To stress the point, there is a LOT of this going on with many products.

Many brands are really just licenses these days and many are still loyal to them since the brands have history with them. That is why the other companies pay to license their products with their brand


----------



## HDTVFreak07 (Sep 12, 2007)

Wow! My next door neighbor has the same 37" Polaroid and is facing problems with pictures going away and before it goes away, they get an awful buzzing sound out of it. The problem with them is that they have the TV on from early morning until bedtime every day. They also watch a lot of standard definition TV programs with 4:3 set on.

I've had my 32" Polaroid longer than they have had theirs and I still do NOT have any problem with it. I'm very particular with what I watch. I've watched very, very few 4:3 TV programs (local news) and prefer to stick to HD programs only. The only downside to that TV is the speakers. I've had to try to turn the volume nearly all the way up but I've decided to do away with the TV's speakers and used an external source (surround sound system) for audio. I'm very happy with this TV I've got. It's even on more than the 46" 1080p Samsung we have.


----------



## ironwood (Sep 20, 2007)

yeah its crap. I have 15" and you would think sucha small size wouldnt make too bad of a quality. But they managed it. Its considered HDTV with component outputs. Picture so bad I couldnt keep it even in my bathroom.


----------



## HDTVFreak07 (Sep 12, 2007)

I've had no problems at all with my 32" Polaroid HDTV but after reading this forum, I think I will give Vizio, Samsung or other name brand a try when I go buy a 22 incher. My only problem with my 32" Polaroid is the speakers; I've had to turn the volume nearly all the way up if I want to hear something so like I said, I've had the volume off and used an external surround sound.


----------



## Zellio (Mar 8, 2009)

ironwood said:


> yeah its crap. I have 15" and you would think sucha small size wouldnt make too bad of a quality. But they managed it. Its considered HDTV with component outputs. Picture so bad I couldnt keep it even in my bathroom.


Are you refering to this?



















The thing has BAD contrast (450:1), but it's 1080i. It's crap unless you use high definition. I use the thing in the dining room simply to watch holiday specials.

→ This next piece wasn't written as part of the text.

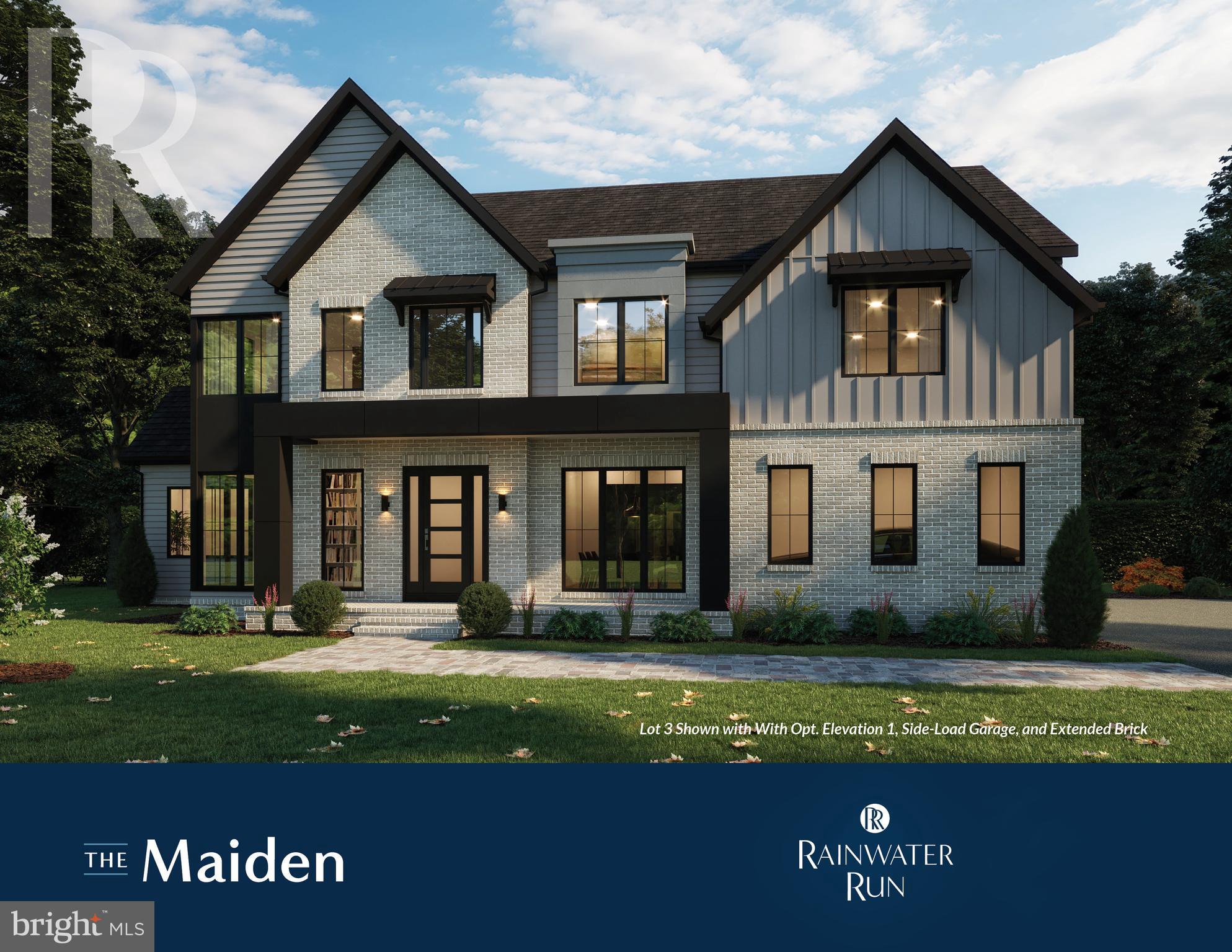 3557 Orchid Pond Way Oakton, VA 22124 - Photo 1 of 38 a front view of a house with a yard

Here is the reason, cartoons don't need many colors to look good, hi def does it all for them:










The problem is, the damn thing has no atsc, it has ntsc. If the person above wanted high def, they'd need a set top box of some sort, either pay or atsc hd. And that won't do in a bathroom.

I'd have to agree. They found a way to screw up a 15" 1080i tv. It seems to me it was made as a kids tv, just not marketed as such.


----------



## roadrunner1782 (Sep 28, 2008)

I had a friend with a 32" polaroid that he had bought about three years ago. He sold it a few months back but said he never had any issues with it.


----------



## Guest (Apr 30, 2009)

we are a repair shop with 6 of them in the shop with bad power supplies. if you can get the power supply they cost as much as the stupid tv. Charge a bench fee if your working on them upfront cause you will likely get stuck with it in your shop and have to dispose of it at your cost.


----------



## Richard King (Mar 25, 2002)

The Polaroid that we all know and remember from the instant camera days went bankrupt in 2001. What was left eventually ended up in a Minnesota based company that turned out to be a Ponzi scheme. They are now going through another bankruptcy liquidation round.
http://www.examiner.com/x-7719-Minn...laroid-and-Petters-how-the-mighty-have-fallen

http://www.bloomberg.com/apps/news?pid=20601087&sid=aQdphguZPJ8I&refer=home

http://www.bloomberg.com/apps/news?pid=newsarchive&sid=aG6.UHWAu2EI


----------